Dayton
Volunteers sought for golf tourney Aug. 5
The Dayton Area Chamber of Commerce will hold its 13th annual golf tournament Aug. 5 and needs players, sponsors and volunteers to help. Hole watchers, runners, committee members, coordinators, reservationists, check-in persons and bag-stuffers are needed.
Call 246-3687, 883-3313 or 246-7009.
Chamber to hold breakfast
A networking "business and breakfast" meeting will be Tuesday from 7:30 to 8:15 a.m. at Legado at the Dayton Valley Country Club, 51 Palmer Drive, Dayton. This is a chance to network with other chamber members and enjoy a continental breakfast.
Call 246-7909.
Carson City
Local author to read from book at railroad museum
Families and the public are invited to attend a free program by author Ellen Hopkins as she reads from her book "Tarnished Legacy," a nonfiction story for children about Virginia City's Comstock Lode, at 7 p.m. Wednesday at the Nevada State Railroad Museum. For information, call 687-6953.
Virginia City
Musicals play at Piper's
"Cathouse Afternoon," a bawdy, original musical by Will Rose, is running at 7 p.m. Fridays and Saturdays at Piper's Opera House in Virginia City.

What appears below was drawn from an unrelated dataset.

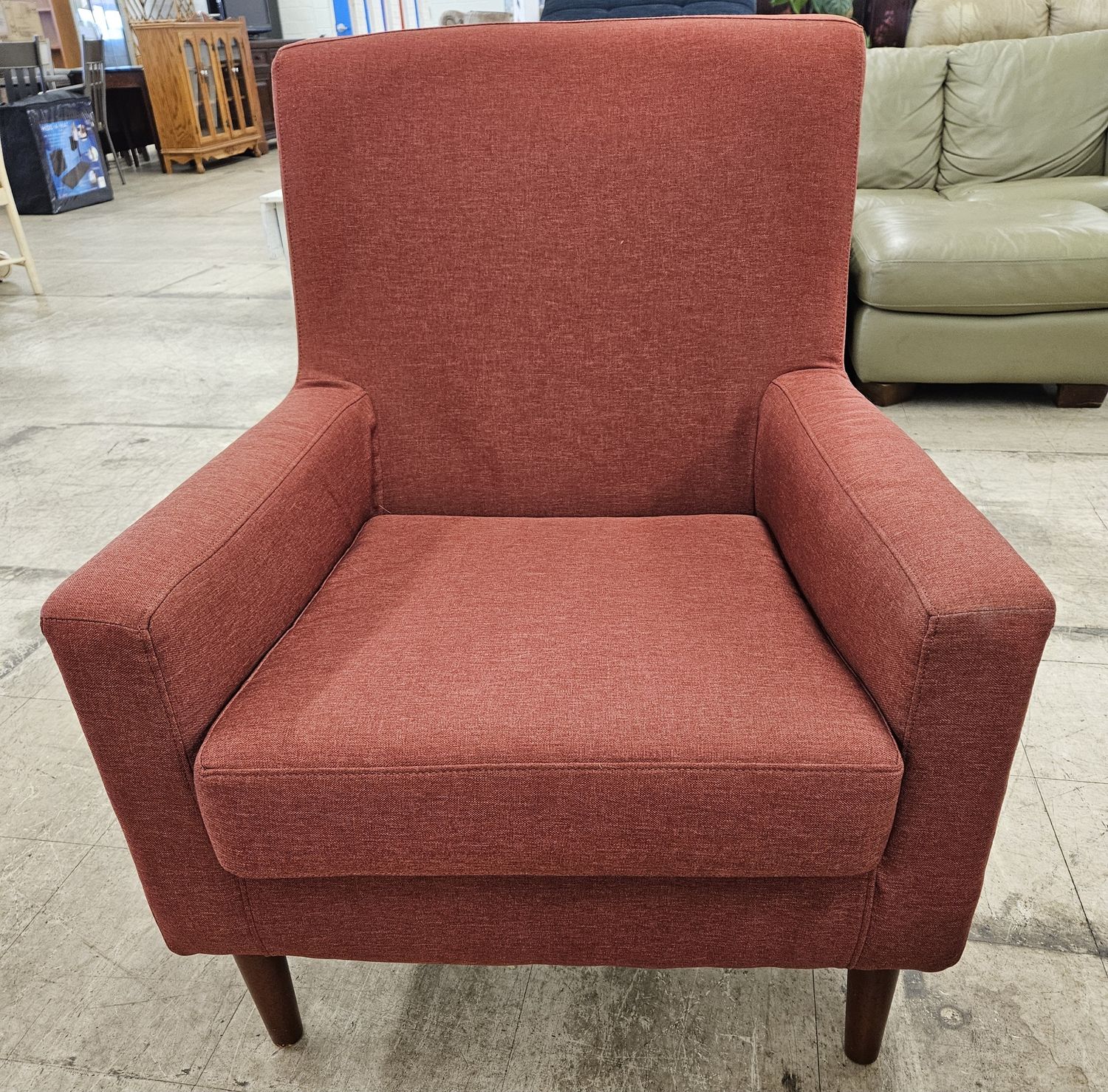 Modern red upholstered armchair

Call 847-7150, 847-0433, or go to www.redroseonline.com.
"Ol' Plumbottom," also by Rose, is a hip-hop original musical with a mine-safety theme, will be the Saturday matinee.

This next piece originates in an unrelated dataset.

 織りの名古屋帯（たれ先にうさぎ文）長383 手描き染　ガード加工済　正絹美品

There will be two half-hour shows at 1 and 2 p.m.
Pasta and politics in the park Saturday
The Storey County Democratic Central Committee will hold a meet-the-candidates spaghetti feed, from noon to 4 p.m. Saturday in Miners Park, Virginia City.
Candidates to be on hand include Dina Titus, candidate for governor; Ross Miller, candidate for attorney general; state Assembly candidate Cathylee James; Storey County Commissioner John Flanagan; Storey County sheriff candidates Bob Del Carlo and Stephen Bloyd; and Storey County commissioner candidates Bill Sjovangen and Nick Nicosia.
Call 847-9518.
Lincoln exhibit traces slavery's evolution
A traveling exhibition opening at the Historic Fourth Ward School Museum opening Saturday traces Abraham Lincoln's gradual transformation from an antislavery moderate into "The Great Emancipator," who freed the slaves in 1863.
"Forever Free: Abraham Lincoln's Journey to Emancipation" will be on display until Oct. 20.
"Forever Free" draws upon original documents in the collections of the Huntington Library and the Gilder Lehrman Institute of American History.